§ YOUR GOAL
Exclude the pictures and repeat all of the data exactly.

------ RECORDS FOR THIS TASK

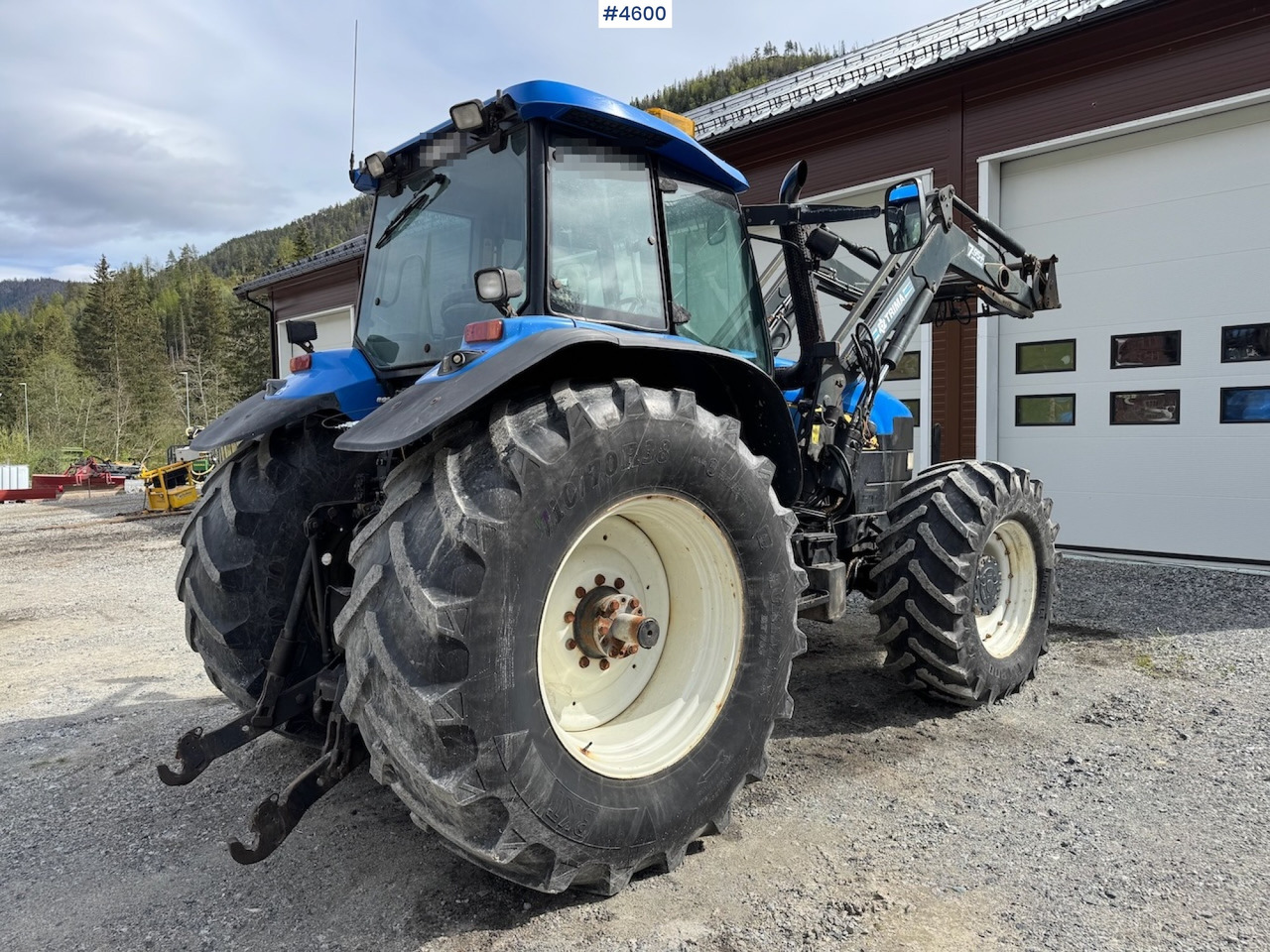 2005 New Holland TM190 w/front loader - Traktor: bild 3 2005 New Holland TM190 w/front loader - Traktor: bild 3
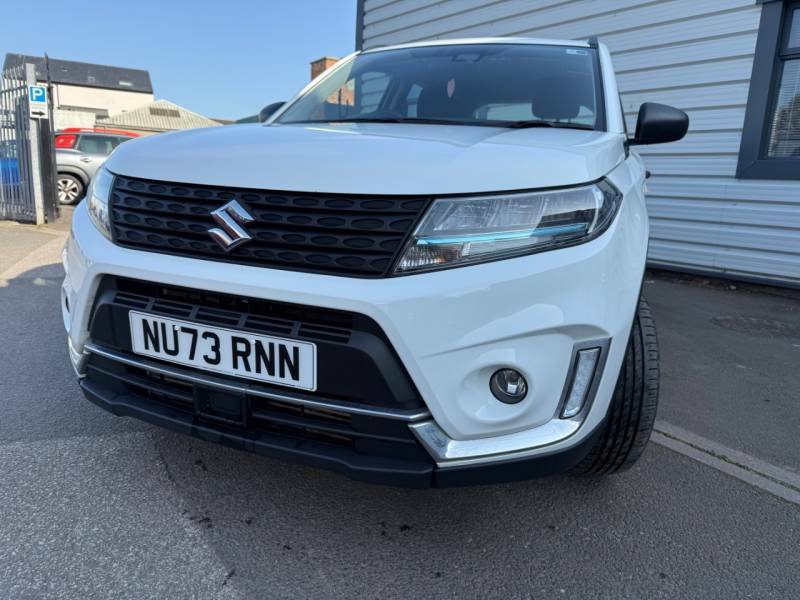 Suzuki Vitara 1.4 Boosterjet 48V Hybrid Go - 2023 73 NU73RNN White #4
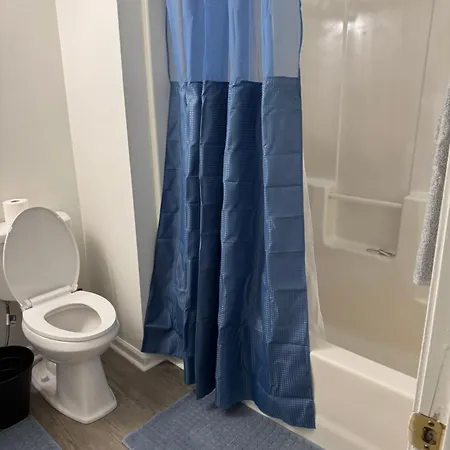 Cozy Escape, Private In With Shared Common Spaces Charlotte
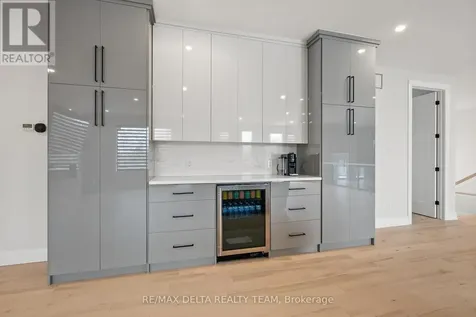 663 Ballycastle Crescent Ottawa ON K1X 0A3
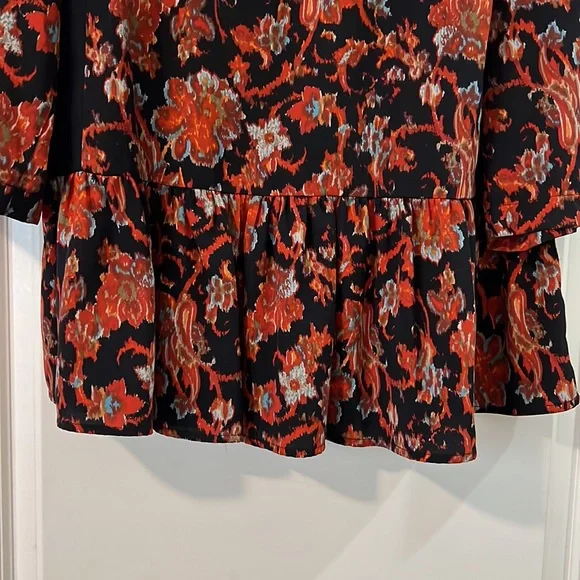 Peplum Blouse - Picture 5 of 6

------------

§ REPLY TO THE TASK
 2005 New Holland TM190 w/front loader - Traktor: bild 3 2005 New Holland TM190 w/front loader - Traktor: bild 3
 Suzuki Vitara 1.4 Boosterjet 48V Hybrid Go - 2023 73 NU73RNN White #4
 Cozy Escape, Private In With Shared Common Spaces Charlotte
 663 Ballycastle Crescent Ottawa ON K1X 0A3
 Peplum Blouse - Picture 5 of 6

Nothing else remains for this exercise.